As more and more studies evaluate risk associated with multiple genes and environmental factors, it has become clear that traditional logistic regression analysis approaches are not adequate for modeling complex multi-factor interactions ( 42 ). For this reason, we utilized the recently developed MDR and interaction entropy strategies to assess and interpret potential interactions. This approach improves statistical power to efficiently identify potential gene–gene and gene–environment interactions. The results of these novel algorithms were consistent with our logistic regression analysis for the two-way interaction models. We attempted to test three way interactions to replicate our findings from the MDR analysis in logistic regression; however, the model failed to converge due to the small number of individuals in some cells. Thus, our experience highlights the need for alternative, more powerful methods. Out of all of the possible two-factor combinations tested, MDR analysis selected XPD 751 and XPD 312 as the best two predictors of bladder cancer risk. The three-factor model including XPD 751, XPD 312, and pack-years of smoking was the strongest model overall since it had the highest level of testing accuracy and showed good CVC ( Table III ). Adding other factors (e.g. the four-factor model) lowered the CVC, reduced the testing accuracy and raised the P -value. The MDR three-factor model indicated that XPD 751, XPD 312, and pack-years of smoking are a high risk combination of factors, but did not specify whether or not there is a synergistic relationship.

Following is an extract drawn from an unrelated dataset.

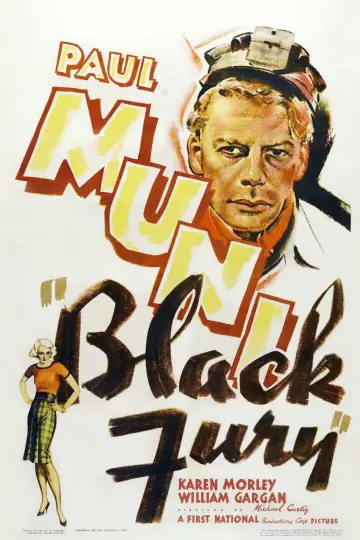 Poster to the movie "Black Fury" #735830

The interaction entropy and interaction dendogram analyses ( Figures 1 and 2 ) helped us interpret the nature of the interactions in these multifactor models, and revealed that the relationship between the XPD SNPs and bladder cancer is mostly non-additive while the effect of smoking is mostly additive.

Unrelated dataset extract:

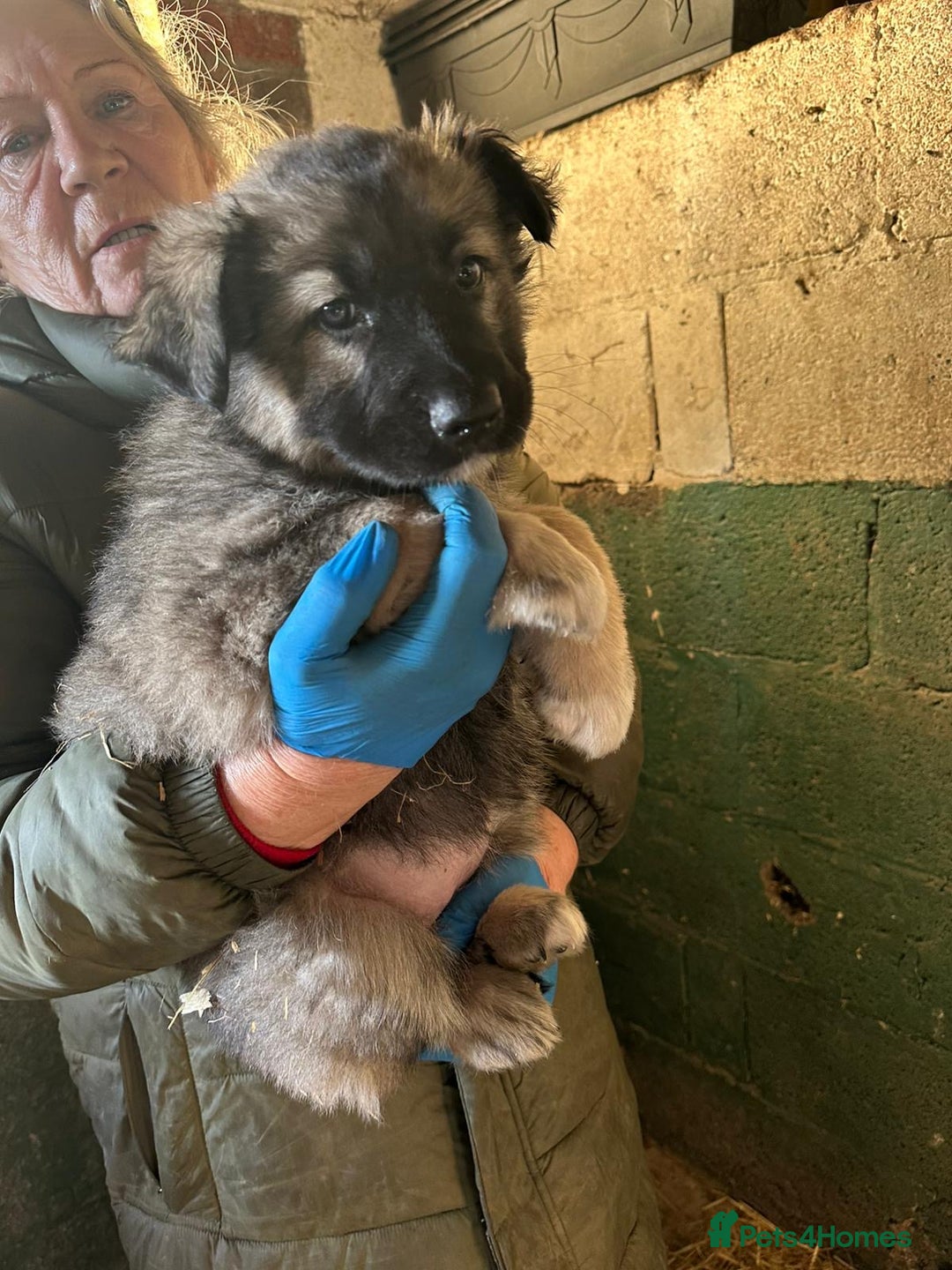 German Shepherd dogs for sale: German Shepard puppies - Advert 12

XPD is an enzyme in the NER pathway that removes certain DNA crosslinks, UV photolesions, and bulky chemical adducts ( 43 ). Non-synonymous SNPs in the XPD gene result in the substitution of glutamine in place of lysine at position 751 and asparagine for aspartic acid at position 312. As reported previously ( 44 ), we found that the two SNPs were in linkage disequilibrium, with a higher frequency of XPD 312 Asp, XPD 751 Lys and as such, also examined the risk associated with XPD haplotypes using the PHASE estimation software. Prior, smaller hospital-based studies produced inconsistent results and to date have not examined the bladder cancer risk associated with XPD haplotype ( 13 , 15 ). As in our study, interactions have previously been observed for XPD 312 and 751 in relation to lung cancer risk, and several studies found that the risk of lung cancer associated with the variant allele was higher among non-smokers than among smokers ( 9 , 44 ). In lymphoblastoid cell lines, double variants had an enhanced apoptotic response to UV-induced damage, possibly explaining our findings of an increased risk among those with a variant allele in either XPD 312 or XPD 751 but not for those variant at both loci ( 20 , 45 ). We also observed elevated bladder cancer risk for individuals with the low frequency haplotypes and the bladder cancer ORs for XPD haplotypes also did not vary dramatically by smoking status ( Table IV ). Thus, future, larger studies of XPD haplotype using more SNPs may be informative.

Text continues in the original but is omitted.